Wednesday, November 25, 2015



Talkin’ ‘bout My Generation
 by Mike Kendall

  
  Many Americans of my Baby Boomer generation complained our political system offered no chance for choice or change.  We later opted for the illusion sex, drugs, and rock ‘n roll was “The Revolution,” and material goods were the icing on the marijuana brownie. 

  Eligible voters today are even less persuaded they can effect change.  Election studies show those who don’t vote do not believe the election will effect local, state, or national governance change.  A canyon of futility, frustration, and indifference separates the weltanschauung s of voters and nonvoters.

  The eligible citizens who do not vote are such a large percentage of the electorate that we are ruled by tiny minority governments constituting about 12-14% of eligible voters.  Contrary to public pronouncements, the two dominant political parties in America have a vested interest in the turnout status quo.  Neither party knows what will happen if there is a significant, let alone a dramatic, shift in voter turnout.  
  
  The nonvoting majorities’ futility arises out of the structure of our single general election, two-party primary system.  Various viewpoints are cut out in the primaries leaving the chosen candidate closer to either party’s center.  In the general election slightly left of center and slightly right of center nominees’ move toward dead center.  The resulting choice is between conservative free market capitalism and liberal free market capitalism protecting those already powerful and protected. 

  The oligarchs are shielded by a global imperial foreign policy which requires a military larger than the rest of the world combined because of the shear geographical scope of our foreign policy commitments.  Its consumption and domination, combined with a tax structure that favors making money out of money rather than progress out of ideas, starves the scientific research, education, social programs, environmental correction, and infrastructure that is the long-term source of national wealth, health, power, and security. 

  Enter Bernie Sanders.  Sun Tzu said a successful, winning “leader must learn to sail against the wind” to win.  Bernie Sanders’ candidacy is the biggest threat to the establishment that runs this country since Robert F. Kennedy’s 1968 campaign.  The powers-that-be know it so they hide it by saying ‘Bernie ‘can’t win.’ 

  An Independent United States Senator from Vermont, he was elected on a platform of “democratic socialism.”  He is running for the Democratic Party’s Presidential nomination.  Bernie is tied with Hillary Clinton in the influential primary state of New Hampshire, hopes to also win Iowa, and is running second to her in many national and state opinion polls. 

  Thursday, November 19th, he made an important speech comparable to and John F. Kennedy’s speech on Roman Catholicism in 1960 by tackling the electability of a self-proclaimed, “democratic socialist” head on.  The speech demonstrates what Mr.
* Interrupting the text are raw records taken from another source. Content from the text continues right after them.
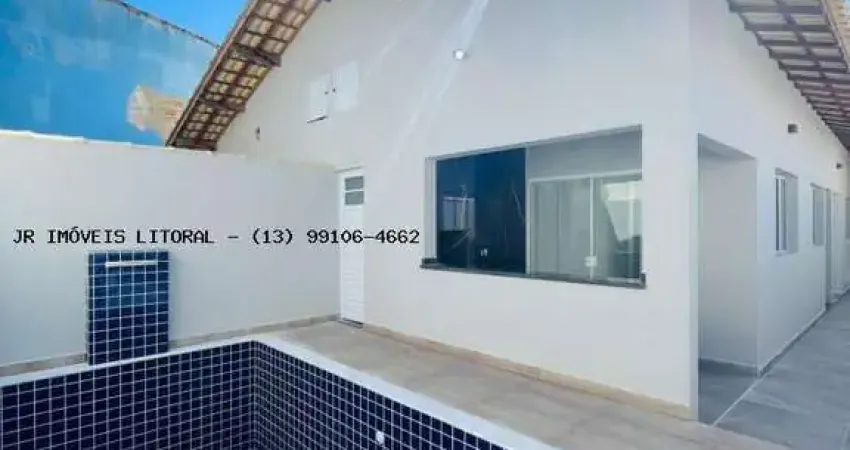 Casa para venda em itanhaém, suarão, 2 dormitórios, 1 suíte, 2 banheiros, 3 vagas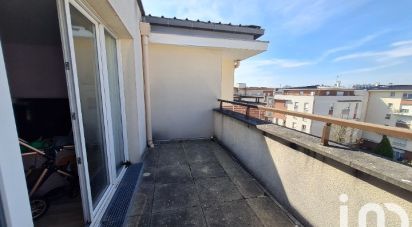 Appartement 4 pièces de 91 m² à Corbeil-Essonnes (91100)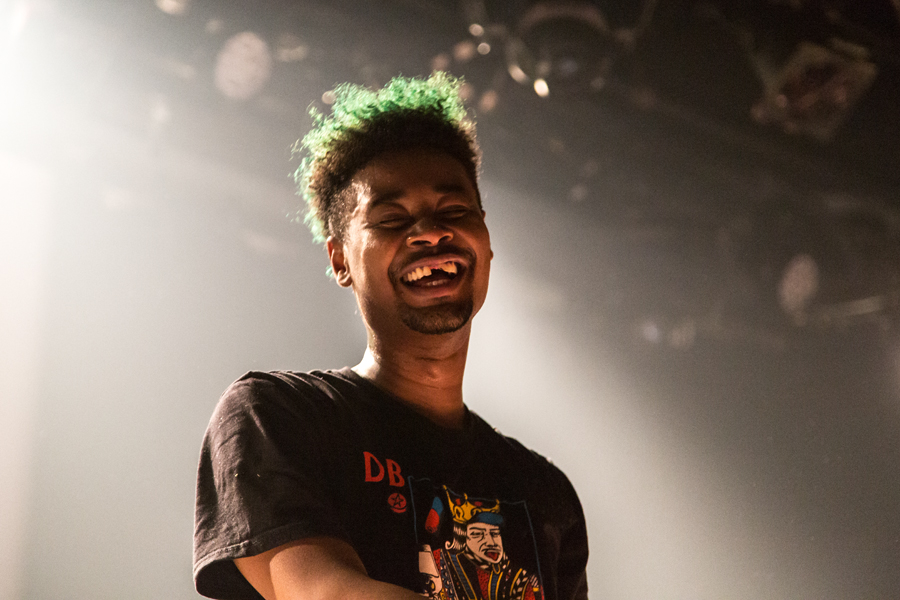 Danny Brown is making a children's book Music News Crack Magazine.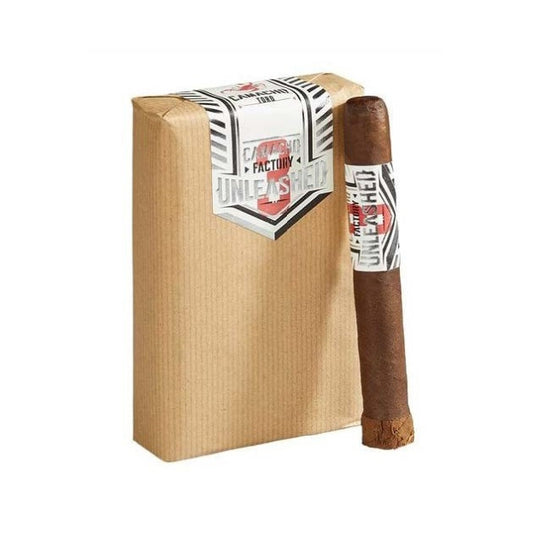 Camacho Factory Unleashed 3 San Andres Toro 6 x 50 Cigars 10 Pack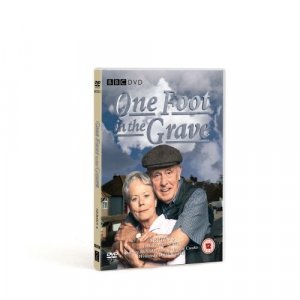 One Foot in the Grave Series 6 DVD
Sanders offers is unlike anything anyone else is offering:  Electability because he has the faith, courage, and skill “to sail against the wind.”
 
  Senator Sanders began and ended by declaring himself the heir to the successful, winning traditions and policies of Franklin Delano Roosevelt (elected President  four times) and Reverend Martin Luther King, Jr. (who changed the face of equality in America), through their respective priorities of democratic socialism and social and democratic equality.  He made three major policy points that no one else running will declare:
·         The government bailouts of big business and banks, and the lack of any prosecutions of their executives was a form of state socialism propping up the wealthy.  Quoting Rev. King, Mr. Sanders echoed, “This country has socialism for the rich, and rugged individualism for the poor.”
·         Democratic socialism is not a soviet-style command economy and government ownership of the means of production but is a system where government provides the individual entitlements such as free public colleges, and $1 Trillion Dollars in infrastructure and public works.
·         He is not a pacifist and democratic socialism does not preclude war to protect our country, but only in self-defense, national interest, and as a last resort.

   Sanders hopes to win more voters by showing he, and his political philosophy of “democratic socialism,” are both sincere and electable.  He’s a leader who “means what he says and says what he means,” to paraphrase Dr. Seuss, “who will be faithful 100%” guarding our nest.

  How many times have we in our generation been offered no real choice, or settled and voted for the winnable candidate, thus failing to bring about change to prevent Viet Nam, Race Riots, Inequality, Poverty, Climate Change, the Iraq Wars, Afghanistan, and Assassinations 1, 2, and 3?  We should know better.  If we haven’t figured that out yet, we might actually “need a weatherman to know which way the wind blows.”

  As one of the oldest of the Baby Boomers, I have made the same mistake and now I have learned from it.  “Don’t get fooled again.”  Feel the Bern.  If not now, when? 

If not now, “A Hard Rain’s Gonna’ Fall.”